Alejado así de la interpretación de Isaiah Berlin –quien veía en la actitud de Marx hacia los populistas rusos meras concesiones fruto del cansancio propio de su edad y de las decepciones acumuladas–, Aricó destaca la tensión entre ese giro y los numerosos escritos previos de Marx sobre los que el marxismo edificó su filosofía de la historia. De ese modo restituye para el marxismo la importancia del tiempo de la política, que se juega en las “temporalidades superpuestas” que forman la coyuntura.

De nuevo encontramos ecos de estas reflexiones en las demás figuras; en primer lugar, en Mariátegui, quien vivió años en los que la concepción del tiempo lineal sufría una profunda crisis (rastreable en los escritos de Bergson que el peruano comenta, pero también en los de Freud o Valery, entre otros). También en Zavaleta: el concepto de “formación abigarrada”, que acuña para analizar la “imposibilidad” de la nación boliviana, remite a esa convivencia en un mismo escenario de lo no contemporáneo (aunque, como advierte Giller, en un sentido que nada tiene de celebratorio).

En fin, no casualmente sólo hasta los años setenta y principios de los ochenta –luego del largo ostracismo que siguió a su muerte, al menos fuera de Perú– la recuperación y la lectura de Mariátegui generaron efectos perceptibles; es decir, tras el fin de las ilusiones en el desarrollismo (¿no era un término que venía a ocupar el lugar dejado vacante por el desacreditado concepto de progreso?) y en la continentalización de la Revolución Cubana. Esas revisiones coinciden con la llamada “crisis del marxismo” y de la modernidad como proyecto.
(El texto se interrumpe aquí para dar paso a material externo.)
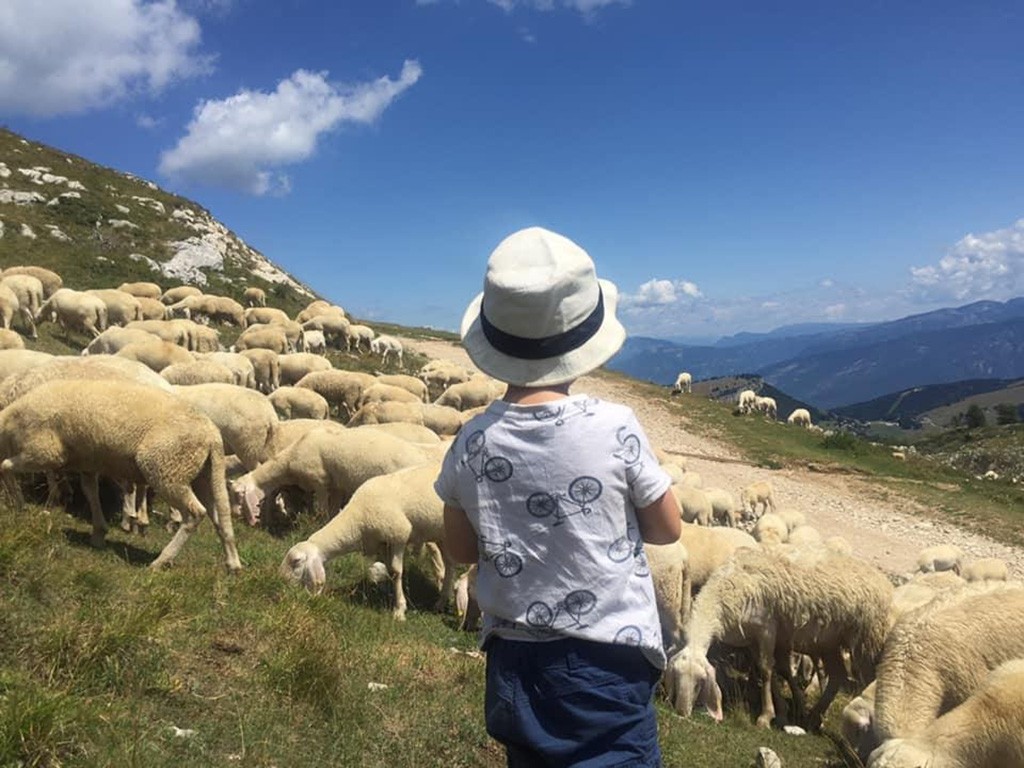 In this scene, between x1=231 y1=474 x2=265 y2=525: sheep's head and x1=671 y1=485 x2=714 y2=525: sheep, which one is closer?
x1=231 y1=474 x2=265 y2=525: sheep's head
Hemos decidido destacar el haz de preocupaciones compartidas que, articuladas, organizan los trazos generales de los libros que abren la colección –desencuentro entre socialismo y América Latina, marxismo entendido como teoría crítica del capitalismo y no como filosofía de la historia a partir de la decisión de afrontar el problema de la nación–, lo cual implica no haber sido del todo justos con los matices presentados por cada uno de ellos.

Una última cuestión que se reconoce entre aquellas preocupaciones comunes. “¿Cómo nos convertimos en lectores de una obra? ¿Por qué algunas nos retienen con insistencia?”, se pregunta M. P. López al comienzo del libro que dedica a Mariátegui. Si nos distanciamos del tono testimonial, el interrogante se reconoce en la cuestión de la actualidad (como cierra su texto Cortés). ¿Por qué nos sigue interpelando Aricó, Zavaleta, Cueva o Mariátegui?

Estos libros muestran que más que de dilemas irresueltos (sin duda existentes), su actualidad deriva del tipo de preguntas con las que enfrentemos su lectura (la “no inocente” mencionada más arriba). ¿Qué tienen para decir de nuestro presente? ¿Qué pueden iluminar de un momento surcado, en palabras de M. Tronti, por la pérdida del sentido de la política que se corresponde con la crisis de la conciencia histórica? ¿O –como dice Hobsbawm– de un presente sin vínculo orgánico con el pasado? ¿Es posible, sin una idea definida de futuro, recuperar la potencia política de la pluralidad de tiempos que define una coyuntura? Un principio de respuesta a estas preguntas (y a otras: el inoxidable nacionalismo, la expansión del fascismo social, la xenofobia y el racismo, etcétera) reside en promover como antes hicieron Zavaleta y Aricó con Mariátegui, interpretaciones de los “pensadores de América Latina” a la vez interesadas y respetuosas del pasado, que conecten e iluminen simultáneamente pasado y presente. Los libros que abren la colección constituyen un promisorio punto de partida en este sentido.